A United Germany Confronts Europe

This Sunday marks 20 years since German unification. It also coincides with a low point in the commitment of post-war Germany to European unity. The two are directly related.

Alone in Europe, the people of the former German Democratic Republic (East Germany) did not have to qualify for entry into the European Union. German unification made them automatically full-fledged members.

Nothing was asked of East Germans for this extraordinary benefit. Nor were they educated about the European project and Germany’s unique role, based on its history, in building a common European home.

All other former Soviet-bloc countries — Poland, Hungary, Latvia, etc. — had to work hard for E.U. membership, both in the complex formal qualifications and through years of learning to become “European” in a pragmatic sense. For these countries, entering “Europe” was a long-sought goal and finally a celebrated achievement. Eastern Germany never moved up this learning curve.

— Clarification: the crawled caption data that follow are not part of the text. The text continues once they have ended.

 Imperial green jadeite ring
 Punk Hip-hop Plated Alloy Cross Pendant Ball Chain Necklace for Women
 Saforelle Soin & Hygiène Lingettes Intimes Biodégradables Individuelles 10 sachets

The opening of the Berlin Wall confronted people in the east with huge economic dislocation and social stress. Most of their efforts over 20 years have been directed to achieving parity with western Germany, still unfulfilled. The equally important need to accept an identity as Germans within a broader Europe has lagged far behind.

Eastern Germans needed more attention to their European obligations than their eastern neighbors did because the G.D.R. had taught its citizens — especially its young people — that they bore none of the burdens of Germany’s past; all the guilt supposedly lay with West Germany.

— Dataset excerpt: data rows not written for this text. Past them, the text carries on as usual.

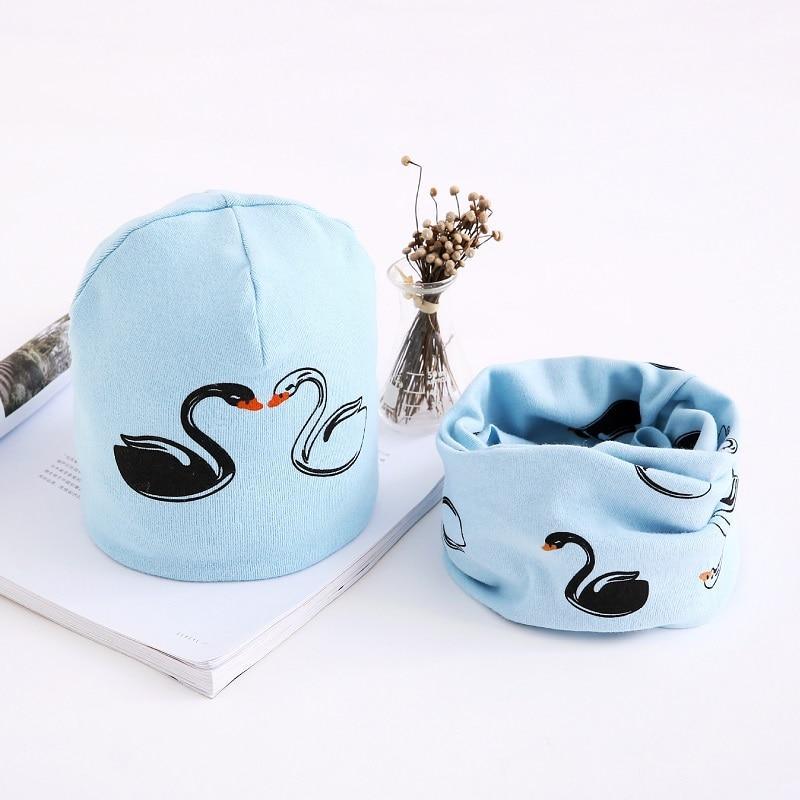 Adorable Star Print Cotton Hat & Scarf Set for Kids - Korvel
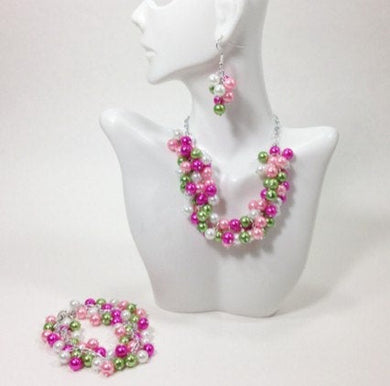 Pink and Green Cluster Necklace, Earrings, and Bracelet Set - Bridesmaid or Wedding Set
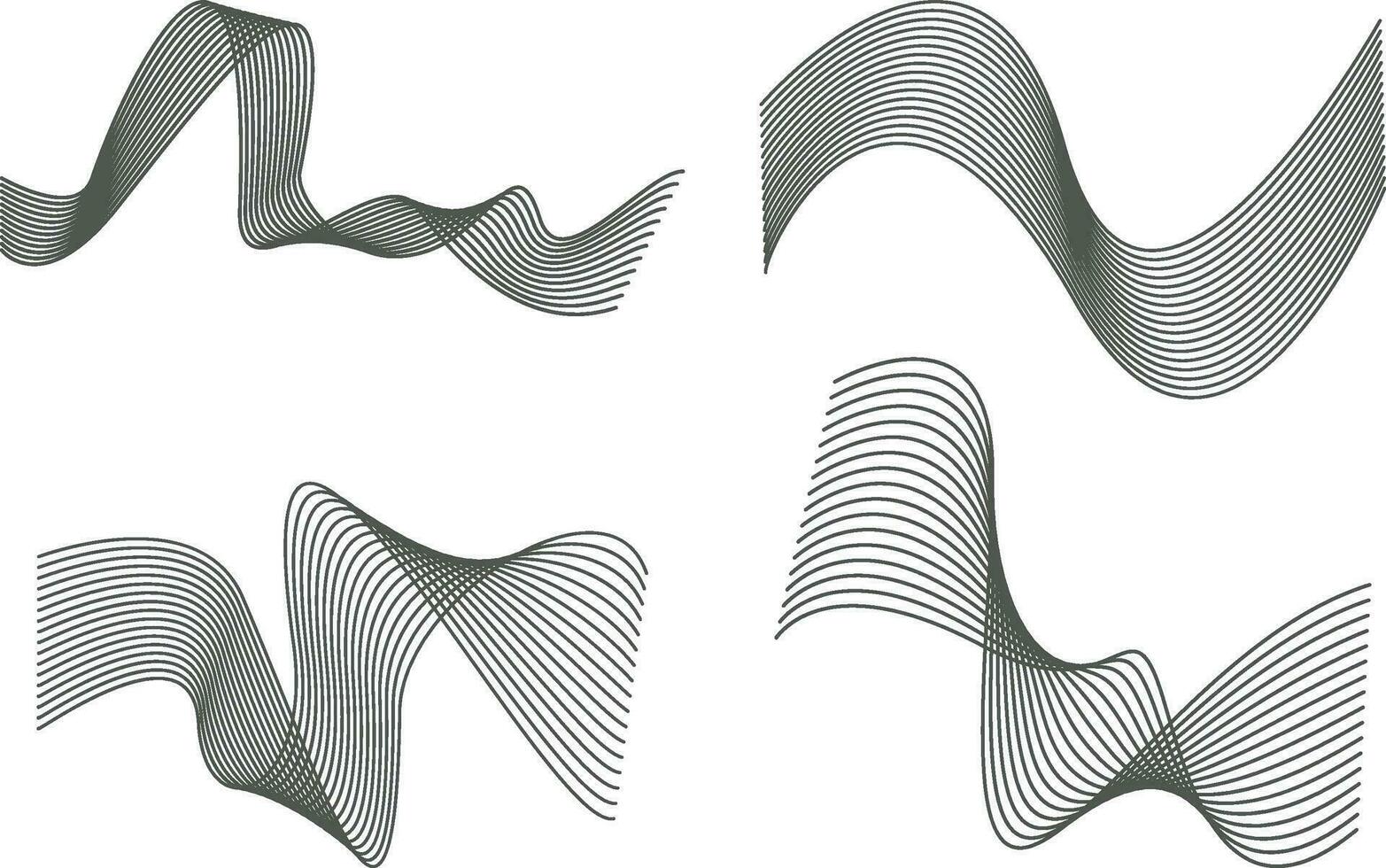 abstrakt vågig linje uppsättning. isolerat på vit bakgrund. vektor illustration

Sad to say, this convenient doctrine was widely accepted. A German-speaking Polish tour guide in Warsaw in the late 1980s noted this attitude in the German student groups she escorted. Asked if they wanted to visit the site of the Warsaw Ghetto, the West German students always affirmed their need to do so, but the young East Germans invariably refused, saying “that has nothing to do with us.”

This mindset, compounded by the prolonged physical and social isolation of East Germany, contrasted sharply with the openness toward Europe which had been the hallmark of western Germans since the war. Now, two decades on, eastern Germans are integrated into Germany but not into Europe. The E.U. was not something they chose, let alone worked for, so they do not identify with it. The sharing of obligations at the core of European integration remains alien to people who see “Europe” as a distant and expensive abstraction.

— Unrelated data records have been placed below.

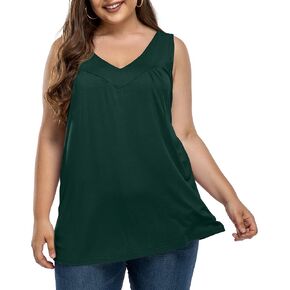 AYIFU Womens Plus Size Tunic Tank Tops Sleeveless Pleated Front V Neck Shirts in Kuwait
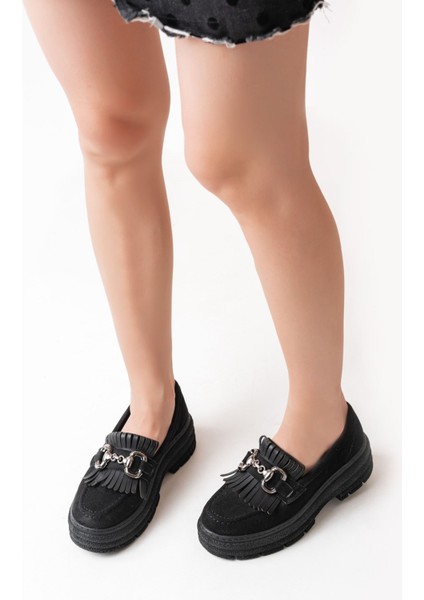 Siyah Süet Tokalı Günlük Yüksek Tabanlı Loafer Ayakkabı - Kopya fiyatları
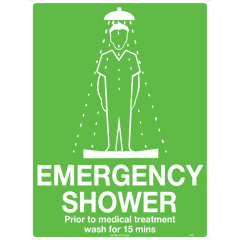 Uniform Safety Signs - 300x225mm - Self Adhesive - Emergency Shower | 505MA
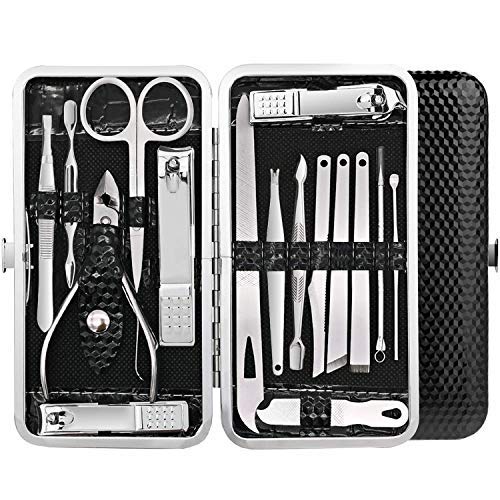 Manicure Pedicure Nail Tools With Leather Case Color May Vary, 16 Pcs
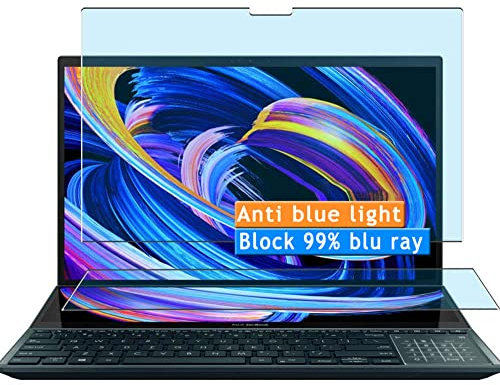 Vaxson 4-Pack Anti Blue Light Screen Protector, compatible with ASUS Zenbook Pro Duo 15 OLED UX582 UX582ZM 15.6 Laptop, TPU Guard Film Protectors Sticker [NOT Tempered Glass]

A new generation across Germany has no personal memory of their country’s long struggle for acceptance as a responsible European state and has little understanding of the complex system of agreements that anchor Germany’s national identity into a broader European one. German politicians across the spectrum today openly sneer at the obligations of European unity in terms which no West German party would have employed a generation ago.

This inward-looking mentality has its origins in the experience of national unification. The immense costs have soured Germans on the expenses of building Europe. Worse, the political mentality of the east is increasingly permeating public discourse across the country, an outlook that is provincial, anti-foreign and nationalist rather than patriotic. The reaction to the financial crisis in Greece revealed a new German parochialism both nationalistic and shortsighted.

In fact, no society in Europe has gained more from European integration than has Germany, which would quickly lose its prosperity without European markets. A Germany at peace with all its neighbors and supportive of a common European home was the work of German leaders from Konrad Adenauer through Helmut Kohl, and enjoyed near consensual support from two generations of post-war Germans.

Today, fewer and fewer Germans think Europe is worth the trouble, or even imagine that it is somehow standing in Germany’s way. This is dangerous, not because of any renewed German militarization, but because Germany remains the heart of Europe.

On this anniversary, it is appropriate to remind the Germans that their national project can thrive only within a successful Europe. The unity of each is the essential buttress of the other.

E. Wayne Merry, who served at the U.S. Embassy in East Berlin and is now a senior associate at the American Foreign Policy Council in Washington.